===== Available data =====

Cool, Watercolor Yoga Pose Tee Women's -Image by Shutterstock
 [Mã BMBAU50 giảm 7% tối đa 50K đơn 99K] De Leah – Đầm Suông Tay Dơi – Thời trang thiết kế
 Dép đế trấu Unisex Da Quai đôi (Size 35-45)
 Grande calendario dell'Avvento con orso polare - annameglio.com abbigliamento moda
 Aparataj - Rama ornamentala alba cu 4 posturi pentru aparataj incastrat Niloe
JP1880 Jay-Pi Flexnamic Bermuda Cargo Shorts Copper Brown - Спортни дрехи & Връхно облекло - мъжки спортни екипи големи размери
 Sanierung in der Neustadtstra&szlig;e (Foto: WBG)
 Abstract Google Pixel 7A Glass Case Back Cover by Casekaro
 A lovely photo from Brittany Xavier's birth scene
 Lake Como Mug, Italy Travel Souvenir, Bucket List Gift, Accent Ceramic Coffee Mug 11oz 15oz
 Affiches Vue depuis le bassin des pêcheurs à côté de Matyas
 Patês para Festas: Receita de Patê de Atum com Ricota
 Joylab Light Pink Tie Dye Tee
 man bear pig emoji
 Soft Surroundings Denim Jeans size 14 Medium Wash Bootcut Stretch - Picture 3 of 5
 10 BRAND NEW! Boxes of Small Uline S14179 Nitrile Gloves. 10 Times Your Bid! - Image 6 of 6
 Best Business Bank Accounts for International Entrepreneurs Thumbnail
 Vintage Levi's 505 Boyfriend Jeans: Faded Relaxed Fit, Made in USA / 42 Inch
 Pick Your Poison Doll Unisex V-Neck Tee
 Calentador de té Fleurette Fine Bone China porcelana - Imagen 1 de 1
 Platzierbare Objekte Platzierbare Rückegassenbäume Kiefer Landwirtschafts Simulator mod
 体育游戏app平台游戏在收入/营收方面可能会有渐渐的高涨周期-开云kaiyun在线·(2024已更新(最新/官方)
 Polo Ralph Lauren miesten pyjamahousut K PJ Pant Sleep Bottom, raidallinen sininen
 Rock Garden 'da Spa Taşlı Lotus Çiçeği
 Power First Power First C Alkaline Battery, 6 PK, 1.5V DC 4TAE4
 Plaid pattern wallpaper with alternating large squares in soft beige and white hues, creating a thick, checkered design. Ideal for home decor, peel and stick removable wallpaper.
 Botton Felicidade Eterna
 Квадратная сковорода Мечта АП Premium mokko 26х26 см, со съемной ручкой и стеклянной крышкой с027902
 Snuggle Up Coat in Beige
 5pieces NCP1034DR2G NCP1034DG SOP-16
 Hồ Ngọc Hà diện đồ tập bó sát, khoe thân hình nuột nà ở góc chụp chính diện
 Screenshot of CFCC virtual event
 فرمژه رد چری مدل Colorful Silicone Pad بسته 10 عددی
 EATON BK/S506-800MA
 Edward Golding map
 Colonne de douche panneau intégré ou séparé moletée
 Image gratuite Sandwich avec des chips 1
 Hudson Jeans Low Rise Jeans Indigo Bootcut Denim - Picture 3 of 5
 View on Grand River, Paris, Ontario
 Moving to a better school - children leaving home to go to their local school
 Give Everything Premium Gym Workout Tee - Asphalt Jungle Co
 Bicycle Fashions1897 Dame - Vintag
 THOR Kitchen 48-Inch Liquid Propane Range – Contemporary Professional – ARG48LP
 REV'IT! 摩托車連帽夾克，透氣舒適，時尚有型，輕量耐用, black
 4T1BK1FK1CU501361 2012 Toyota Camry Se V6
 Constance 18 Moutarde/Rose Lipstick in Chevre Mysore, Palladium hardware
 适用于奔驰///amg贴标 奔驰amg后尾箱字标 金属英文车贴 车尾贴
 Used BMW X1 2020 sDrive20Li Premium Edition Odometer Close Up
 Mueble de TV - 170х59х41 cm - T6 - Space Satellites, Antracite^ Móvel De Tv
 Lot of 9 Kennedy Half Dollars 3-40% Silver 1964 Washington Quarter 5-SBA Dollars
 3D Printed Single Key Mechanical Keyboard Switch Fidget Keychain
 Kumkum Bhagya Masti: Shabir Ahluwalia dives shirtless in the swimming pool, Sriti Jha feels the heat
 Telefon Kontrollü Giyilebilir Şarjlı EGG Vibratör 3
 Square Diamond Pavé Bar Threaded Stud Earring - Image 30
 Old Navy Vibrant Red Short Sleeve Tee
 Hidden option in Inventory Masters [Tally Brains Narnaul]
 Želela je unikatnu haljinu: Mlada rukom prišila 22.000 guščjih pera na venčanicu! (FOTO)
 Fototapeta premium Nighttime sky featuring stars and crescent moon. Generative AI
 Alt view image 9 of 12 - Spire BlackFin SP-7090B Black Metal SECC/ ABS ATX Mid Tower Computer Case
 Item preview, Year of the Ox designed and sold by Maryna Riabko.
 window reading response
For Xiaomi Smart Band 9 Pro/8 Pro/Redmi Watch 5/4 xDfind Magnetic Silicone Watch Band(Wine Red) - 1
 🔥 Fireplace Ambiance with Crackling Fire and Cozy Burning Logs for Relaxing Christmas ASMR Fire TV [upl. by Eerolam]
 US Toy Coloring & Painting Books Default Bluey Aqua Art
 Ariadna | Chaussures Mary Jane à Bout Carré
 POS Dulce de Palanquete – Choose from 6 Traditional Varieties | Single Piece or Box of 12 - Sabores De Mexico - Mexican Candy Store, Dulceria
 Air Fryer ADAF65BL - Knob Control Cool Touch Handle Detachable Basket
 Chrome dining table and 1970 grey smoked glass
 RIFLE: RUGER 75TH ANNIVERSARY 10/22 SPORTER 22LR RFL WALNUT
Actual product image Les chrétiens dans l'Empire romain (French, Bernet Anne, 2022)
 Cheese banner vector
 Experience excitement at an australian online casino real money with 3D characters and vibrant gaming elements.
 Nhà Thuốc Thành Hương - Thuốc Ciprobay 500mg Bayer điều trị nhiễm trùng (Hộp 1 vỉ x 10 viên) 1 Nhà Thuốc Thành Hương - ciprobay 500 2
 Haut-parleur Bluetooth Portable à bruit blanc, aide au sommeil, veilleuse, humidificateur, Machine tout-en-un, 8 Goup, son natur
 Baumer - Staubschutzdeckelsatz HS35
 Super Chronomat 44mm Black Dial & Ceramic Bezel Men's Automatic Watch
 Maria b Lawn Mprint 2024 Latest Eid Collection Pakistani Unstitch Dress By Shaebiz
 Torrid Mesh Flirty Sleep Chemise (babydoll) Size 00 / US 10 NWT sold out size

=====

▶ [Exercise instructions]: From the entries above, copy each line holding "Ceramic".

▶ [The completed task]:
 Lake Como Mug, Italy Travel Souvenir, Bucket List Gift, Accent Ceramic Coffee Mug 11oz 15oz
 Super Chronomat 44mm Black Dial & Ceramic Bezel Men's Automatic Watch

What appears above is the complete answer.